Le sommet du Forum économique mondial de Tianjin fait la promotion des MNBC. A quand l’arrivée de ces monnaies numériques en Europe ?
Le Forum économique mondial (abrégé en WEF en anglais) se sent presque partout chez lui : à la Maison Blanche, l’Elysée, Matignon (plusieurs de nos ministres y ont participé ou en sont membres), Ottawa (Justin Trudeau et la vice-Premier-Ministre du Canada en sont membres), en Nouvelle-Zélande (Chris Hipkins, le nouveau Premier ministre, en est membre également) comme en Hollande (Mark Rutte, qui veut en finir avec le modèle productiviste et « polluant » des éleveurs locaux), à la BCE qui constitue une véritable chambre d’écho du WEF… mais également en Chine, où le meilleur accueil a été réservé à Klaus Schwab par le Premier ministre Li Qiang, avec de longues réunions de travail et poignées de mains chaleureuses devant le gratin des invités du Forum.
Car c’est à Tianjin que s’est tenue fin juin l’édition estivale du Forum économique mondial des « jeunes champions » (désormais la seconde réunion annuelle de Klaus Schwab, après celle de Davos), sous l’œil des centaines d’agences de presse et surtout des centaines de milliers de caméras implantées dans cette ville.
Surveillance permanente
Pékin en a fait installer une pour deux Chinois dans le pays. Elles sont partout, pas un angle mort dans les rues des villes, pas un hall d’immeuble ni une arrière-cour où se glisser sans être reconnu, pas un seul magasin où la liste vos achats ne soit immédiatement disséquée par les ordinateurs du Parti avant même d’être passé à la caisse (où la surveillance de votre carte de crédit prend le relai, car plus personne ne paye en liquide) !
La Chine – c’est une évidence dès que l’on sort de l’avion dans n’importe quel aéroport de l’empire du Milieu – n’est pas un modèle de démocratie. Jugement que partagent beaucoup de participants au rassemblement estival du WEF. Mais combien d’invités de Klaus Schwab ont renoncé à leur déplacement à Tianjin ?

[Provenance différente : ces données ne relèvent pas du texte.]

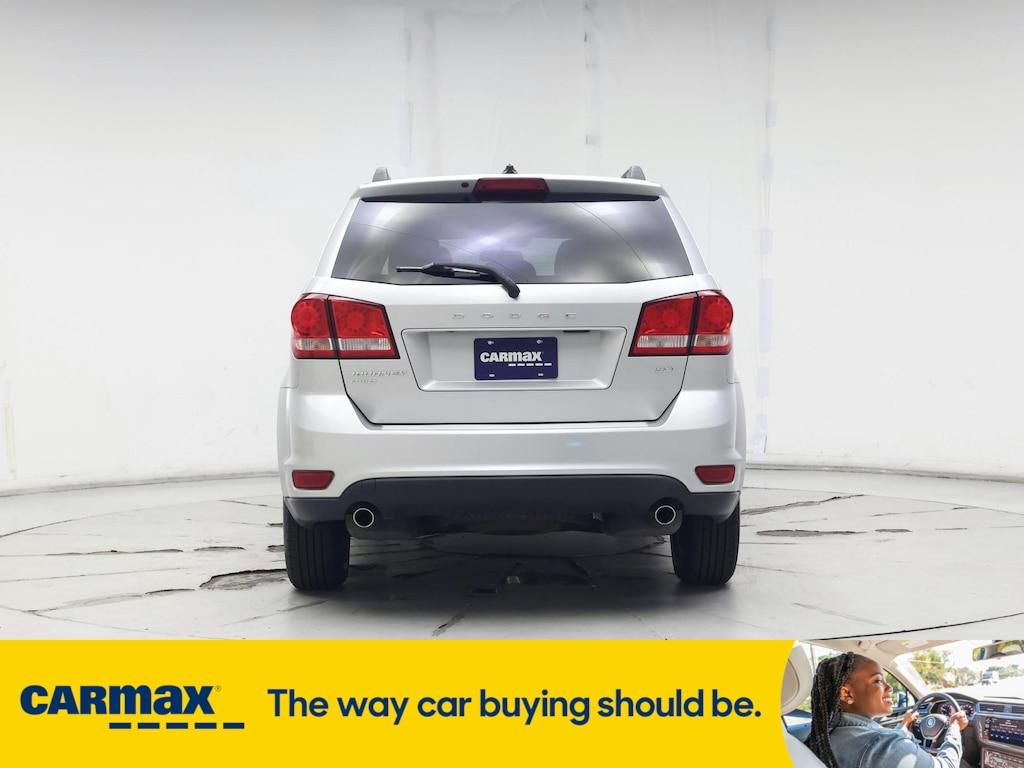 used 2014 Dodge Journey car, priced at $13,998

Ils sont certainement moins nombreux que ceux qui doutent que la démocratie constitue un système d’organisation politique et social efficient : la Chine a démontré que son modèle est économiquement bien plus efficace, puisque tous ses concurrents occidentaux « démocratiques » sont en déclin.
Et, soyons réalistes, combien de pays sont-ils vraiment assez mûrs pour fonctionner comme une démocratie ?
Cela suppose une population éduquée, des dirigeants compétents et intègres, prêts à solliciter l’avis éclairé de leurs administrés, et à remettre leur mandat en jeu lorsque leur manière de gérer les affaires ne fait plus consensus.
Parmi les critères cruciaux qui permettent de distinguer au premier coup d’œil une démocratie d’un régime illibéral ou d’une dictature, il y a la liberté de circuler, la liberté de la presse, la liberté d’entreprendre (sans verser des pots de vins et des bakchich), la liberté de s’associer – y compris pour critiquer le pouvoir –, puis la liberté de disposer de son argent comme bon nous semble.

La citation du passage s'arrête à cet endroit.